Aside from resume issues, another obstacle is that companies sometimes worry about the consequence of hiring on a veteran, the biggest factor being post-traumatic stress disorder.

However, Bob Cartwright, who leads Patriotic Promise, an organization that helps educate HR pros about hiring veterans, says that hurdle can be cleared by putting more boots on the ground in workplaces, so to speak - creating somewhat of a chicken-egg scenario.

"The most successful programs that integrate veterans into the workplace have veterans managing these programs," Cartwright says, emphasizing the importance of integrating veteran employees into mentoring programs or even the hiring process.

It's a tricky proposition, since successfully hiring veterans can hinge on exactly that - hiring veterans.
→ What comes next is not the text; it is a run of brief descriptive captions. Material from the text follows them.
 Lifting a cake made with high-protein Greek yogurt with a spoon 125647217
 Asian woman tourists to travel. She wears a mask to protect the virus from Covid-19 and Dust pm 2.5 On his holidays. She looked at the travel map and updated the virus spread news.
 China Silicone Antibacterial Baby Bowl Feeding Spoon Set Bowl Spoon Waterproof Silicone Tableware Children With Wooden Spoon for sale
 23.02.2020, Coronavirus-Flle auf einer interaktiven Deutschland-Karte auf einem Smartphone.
But for employers up the challenge, Cartwright says, "you'd find yourself in a wealth of talent."


Culture counts

Recruiting a veteran is only the beginning of building a solid veteran employment program; retaining them obviously is key as well. Corporate culture and military culture are often on opposite ends of the spectrum and because of this, HR/benefits professionals should train managers on the differences between the two and how to effectively bridge the gap.
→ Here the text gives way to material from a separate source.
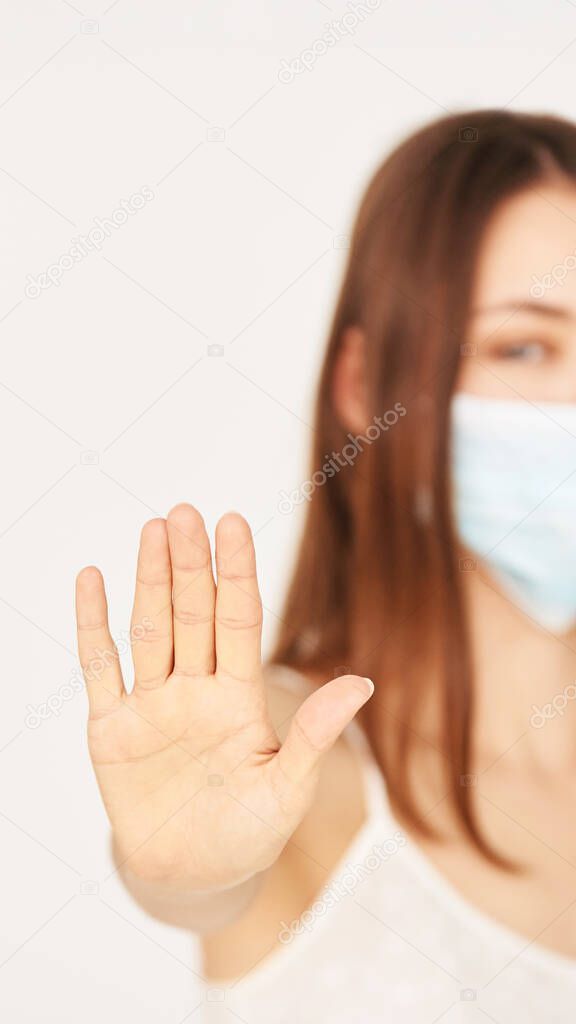 Influenza virus stop gesture. Girl in face mask show deny sign. selective focus.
For example, "if you have veterans in your department, be more explicit about what your expectations are," says Brian Bascom, CEO of the U.S. Veterans Chamber of Commerce.

He says veterans will want to know if direct feedback is appreciated in the office culture. "They tend to give you direct feedback, and institutionally nobody gets their feelings hurt [in the military]. There's a much better chance than with the normal population to get honest feedback. If you cut them off at the knees, feedback stops."

Another cultural challenge can be helping vets adjust to the idea of the working their way up the corporate ladder, despite the responsibility held as a service member.

"In the military, no matter how good you were, if [you were an exemplary] first lieutenant, [and] there was just another average first lieutenant, you'd get promoted at the same time," Johnson notes, adding that in the civilian world he looked forward to being promoted according to merit, not rank. However, he's found that "the military was a large bureaucracy and a large company is a large bureaucracy. They don't always do a good job of leveraging talent."


'Look for the abilities'

Still, for all the tax credits and training, a change in mindset may be what ultimately lowers veteran unemployment the fastest.

Michael Lang, a retired Army Lieutenant Colonel Quartermaster who's since earned a masters in education, says employers need to "recognize the fact that our military personnel have a lot, if not more, experience than our civilian counterparts," adding even more bluntly that employers need to "stop b.s.-ing about being thankful to our vets. If companies are thankful, then start showing some action and hiring vets."

Sherrill Curtis, the state workforce readiness director for the Garden State Council chapter of the Society for Human Resource Management, asks employers to consider how this population is really that different than, say, an employee who suddenly loses full use of speech or one side of their body because of a stroke, or perhaps loses a limb in a car or industrial accident.

"We need to stop thinking of this talent pool as separate," she says. "If we look for the abilities, we can always manage around anything that requires an individual to perform a job function differently than how we have traditionally done so."